■ **DATA TO USE**:
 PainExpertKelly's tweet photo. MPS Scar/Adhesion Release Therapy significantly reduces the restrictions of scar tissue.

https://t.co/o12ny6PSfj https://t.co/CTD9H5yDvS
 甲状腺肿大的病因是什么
* * *
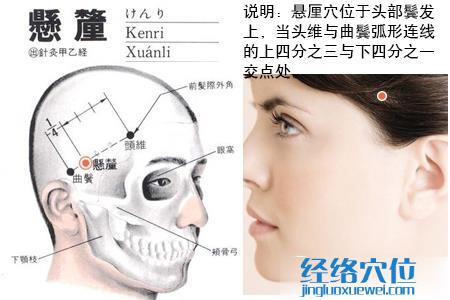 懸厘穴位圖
* * *
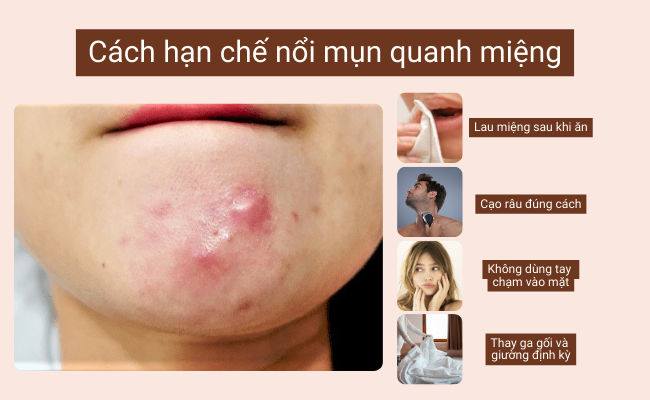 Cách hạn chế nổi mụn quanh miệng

■ **WHAT TO WORK ON**:
Could you restate word for word the lines above, from the one that contains "PainExpertKelly's tweet photo." through the one that contains "甲状腺肿大的病因是什么", and no others?

■ **FINISHED EXERCISE**:
 PainExpertKelly's tweet photo. MPS Scar/Adhesion Release Therapy significantly reduces the restrictions of scar tissue.

https://t.co/o12ny6PSfj https://t.co/CTD9H5yDvS
 甲状腺肿大的病因是什么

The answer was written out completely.